Une fois cette phase de préparation achevée, l’empreinte enfin mise à nue, la capturer par la mise en place sur la surface choisie du caoutchouc liquide de synthèse (latex synthétique stabilisé à l’ammoniaque et produit par les usines Bayer B 012 S). Caoutchouc qui se polymérise naturellement à l’air ambiant, se durcit en conservant l’empreinte du lieu sur lequel il a été déposé, s'imprègne des messages, capture les empreintes, tel une seconde peau modelée sur celle de la terre, épousant, happant, volant tous ses secrets, ses trésors ordinaires, cailloux, herbes, poussière, et imaginaires.
Etaler le caoutchouc à la main.
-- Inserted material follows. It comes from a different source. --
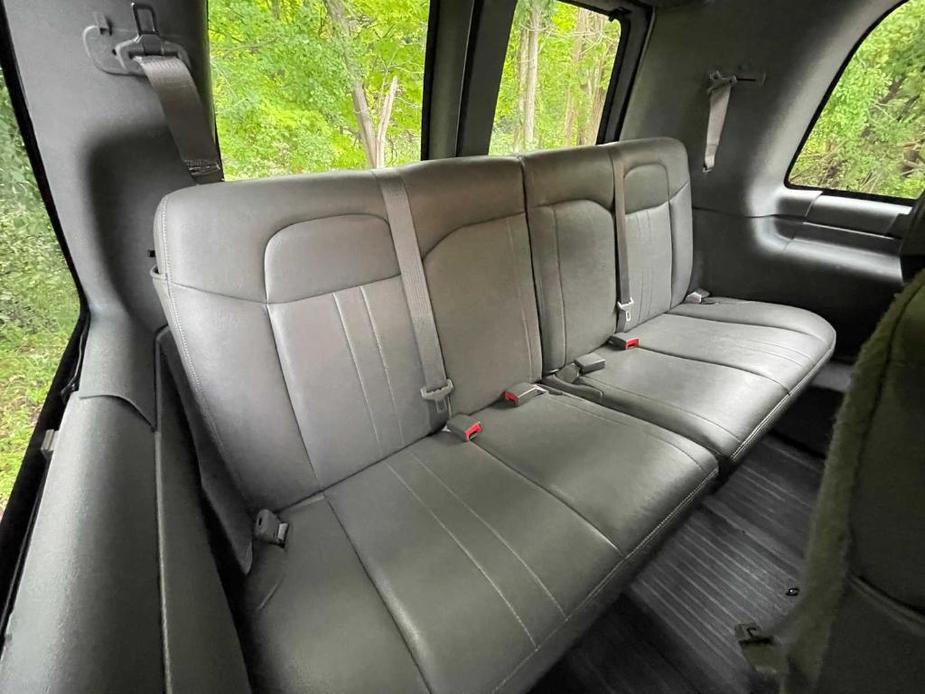 used 2022 Chevrolet Express 3500 car, priced at $41,000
Empreindre le territoire pour mieux l’emprunter.
Limite technique : ce travail ne peut s'effectuer qu'au cours de saisons chaudes et ventilées. En période de forte hydrométrie, le caoutchouc pourrit.
Deuxième intervention sur ce Territoire Emprunté en y ajoutant les compléments de l’empreinte et du dessin déjà fait. L'écriture n'étant pas bien définie, pas encore parfaitement lisible, nécessité de découper, d’ôter, de trouer ou d’ajouter des éléments extérieurs. Repeindre certaines parties pour mieux mettre en évidence ce qui est ainsi dévoilé. Graver la plaque de terre.
Résultat : une empreinte synthétique, un dessin sculpté, peint et gravé comme une tapisserie.
Première déception, premier désarroi : la peau, presque trop vraie, trop ressemblante, trop suggestive, illusion trop parfaite, attire et répulse en même temps. Les corps, comme les corps humains, exhalent une odeur mais une odeur âcre et tenace qui inspire le dégoût. Obligation quasi-immédiate d’ajouter sur ce sol des figures et des formes humaines, des têtes et des corps, liés l’un à l’autre mais pas l’un sans l’autre.
Dernière intervention et la plus révélatrice : la lumière. Le caoutchouc opaque doit être exposé dans un lieu particulier où la lumière varie. Voir le tableau par transparence comme un vitrail.
Oeuvre visible seulement à certains moments. Selon l’intensité de la lumière, les détails changent, les formes évoluent, suivent le mouvement de la lumière qui s'installe ou s'atténue, un peu à la manière d’une pellicule avec une image unique au ralenti. Une seule image et un éclairage qui se modifient en permanence tout au long d’une révolution solaire. Une oeuvre qui vit au même rythme que l’être humain suivant les évolutions du soleil et de la lumière, une oeuvre-miroir, reflet d’une civilisation.
Empreinte-fantôme, résultat de l’amalgame de ces techniques. Sans oublier la nécessité de la lumière qui rend la vie en transperçant les spectres.
Peau, empreinte fantôme, née de la terre, oeuvre poussière qui, en l’espace de trois à quatre ans, est retournée à la poussière. Tous les caoutchoucs sont morts, désintégrés. Chacun a vécu sa vie propre. Certains sont morts immédiatement, comme littéralement anéantis par le fardeau de la mémoire. D'autres ont pris leur temps. Mais tous ont été victimes de ce qui leur avait donné la vie, tués par ce qui les faisait vivre, usés par le soleil et l’oxydation de l’air.
Ce qui nous donne la vie, nous ôte la vie. Et inversement. Empreintes tellement vivantes qu'elles sont mortes, comme des morts humaines.
Je savais le latex synthétique instable mais je ne m'attendais pas à ce qu'il se désintègre de cette façon et aussi rapidement. Je pensais qu'il vieillirait comme un papier journal, jaunirait, le temps transformant les couleurs. La non-résistance du caoutchouc a, quelque peu, fait avortée cette nouvelle expérience. L'œuvre m'a totalement échappé. Aujourd’hui, elle n'existe plus, je ne peux plus la montrer. Ce n'est plus qu'un rêve, qu'une trace floue qui ne subsiste qu'au fond de moi et de quelques mémoires qui ont su l’engranger. Ne restent que quelques photographies, empreintes tangibles d’empreintes fugaces, fragiles, éphémères qui ont rejoint pour toujours le royaume de l’invisible. Une œuvre ne nous appartient que tant qu'elle est en substance, en gestation. Vivante, elle échappe à son créateur.